A iniciativa também integra outro projeto permanente da Secretaria da Cidadania, o Intervalo da Cidadania, ampliando o espaço de diálogo dentro das escolas sobre cidadania, direitos humanos e prevenção das violências. Para a subsecretária, formar adolescentes significa investir na transformação cultural das próximas gerações.
“Muitos jovens iniciam seus primeiros relacionamentos reproduzindo comportamentos de controle, ciúme e violência que aprenderam ao longo da vida. Quando levamos informação para dentro das escolas, estamos formando uma consciência crítica sobre essas relações, prevenindo futuras violências e construindo uma sociedade mais igualitária.”
Formação permanente fortalece a rede de atendimento

Outro eixo estratégico do Protege foi a qualificação contínua dos profissionais que atuam diretamente ou indiretamente no atendimento às mulheres. Ao longo do primeiro ano, a Secretaria da Cidadania percorreu todas as regiões de Mato Grosso do Sul promovendo formações voltadas a profissionais da segurança pública, assistência social, saúde, educação, políticas públicas para mulheres e demais serviços que compõem a rede de enfrentamento à violência.
Mais de 150 profissionais participaram da formação intersetorial coordenada pela ex-ministra das Mulheres, Cida Gonçalves, voltada à atualização dos marcos legais, dos conceitos relacionados à violência de gênero e dos fluxos de atendimento às vítimas.
Na sequência, outros 100 profissionais da rede especializada participaram de um curso de atualização promovido em parceria com a Faculdade Insted, reunindo pesquisadoras e especialistas nacionais na área das políticas públicas para mulheres.
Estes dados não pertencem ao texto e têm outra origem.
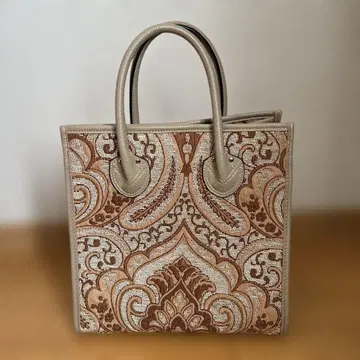 페이즐리 무늬 럭셔리 자카드 스퀘어 토트백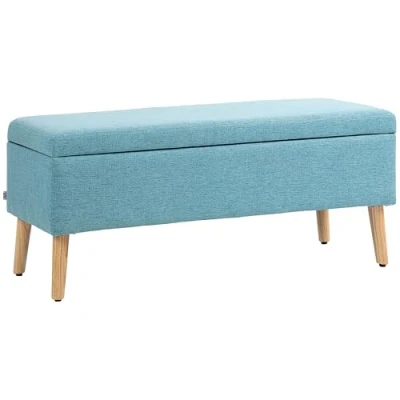 Afbeelding van HOMCOM Zitbank, gestoffeerde bank met opbergruimte, bedbank linnenlook, voor hal, slaapkamer, woonkamer, rubberhout, blauw, 110 x 39 45 cm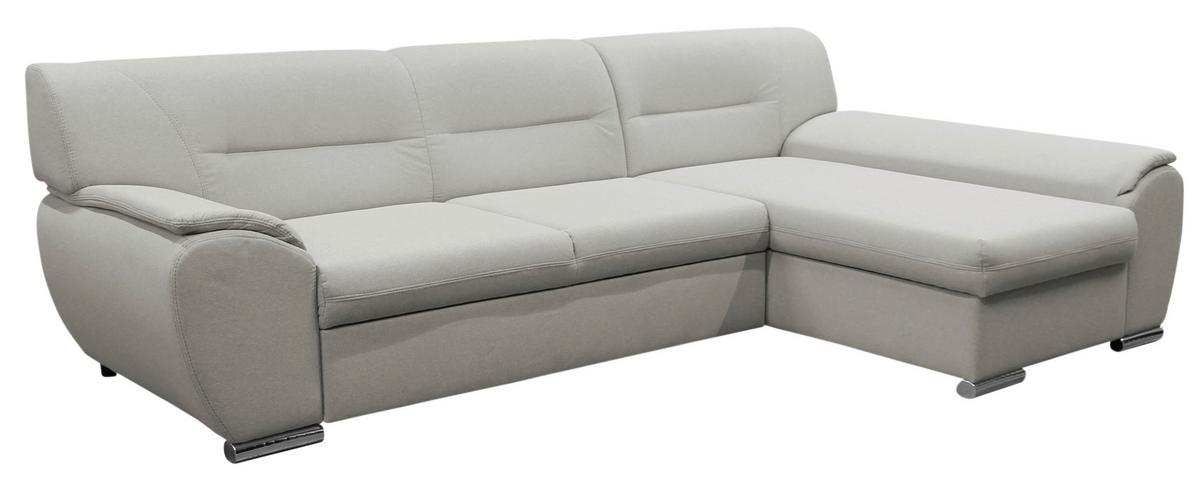 Veratti New Beige Inkl. Schlaffunktion Ottomane Rechts - Beige/Silberfarben, Design, Textil (281/167cm) - MID.YOU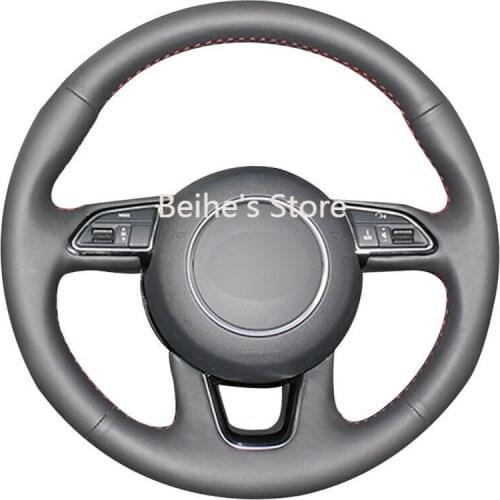 Free Customized PU Steering Wheel Stitch on Wrap Cover For Audi A1 A3 A5 A7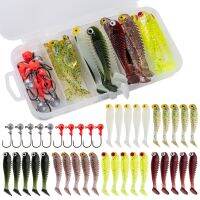 Goture 40pcs/lot Soft Lure Kit Soft Fishing Lure 5cm 0.7g Jig Head Hook 3.2cm 3.5g Fishing Hooks with Fishing Tackle Box Pesca Accessories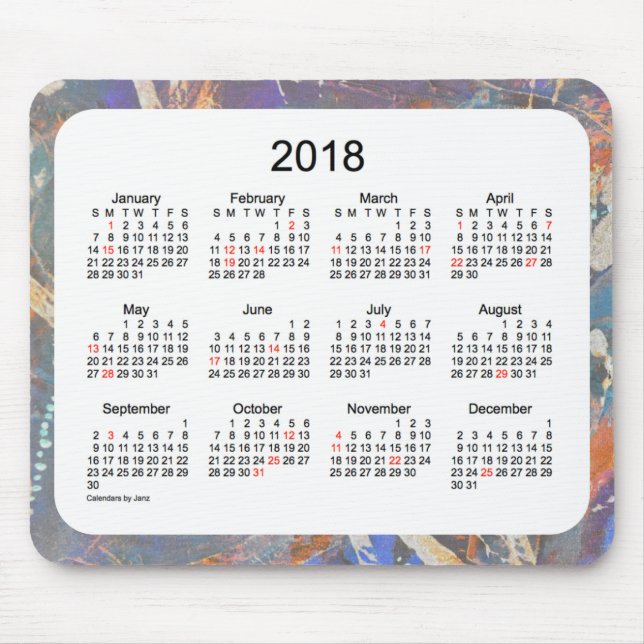 Souris Calendrier d'art de 2018 vacances par le tapis de (Devant)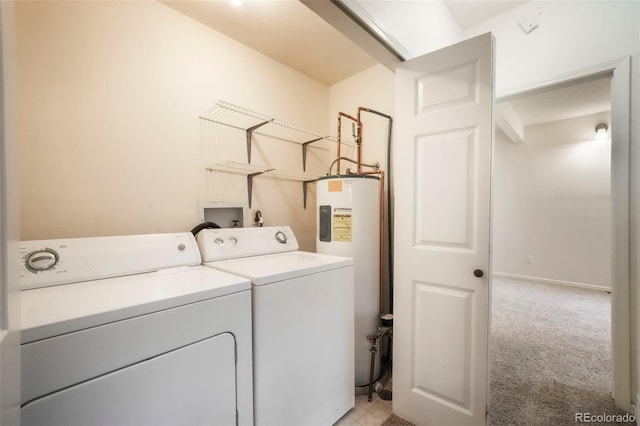5010 Sunsuite Trl, Colorado Springs, CO 80917 - laundry area featuring water heater, washing machine and clothes dryer, and light colored carpet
Além disso, 50 gestoras municipais de políticas para mulheres receberam, pela primeira vez, uma formação específica voltada ao fortalecimento da gestão municipal da política pública.
Para Manuela, preparar os profissionais é uma das estratégias mais importantes para prevenir casos graves de violência. “Apenas um terço das mulheres em situação de violência procura diretamente uma delegacia. Muitas chegam primeiro a uma unidade de saúde, a um CRAS, a uma escola ou procuram assistência psicológica. Quando capacitamos esses profissionais, aumentamos as chances de identificar precocemente uma situação de violência e impedir que ela evolua para um feminicídio.”
As formações também alcançaram profissionais da saúde indígena, ampliando a atuação da rede em territórios tradicionalmente mais vulneráveis e fortalecendo o atendimento intercultural às mulheres indígenas.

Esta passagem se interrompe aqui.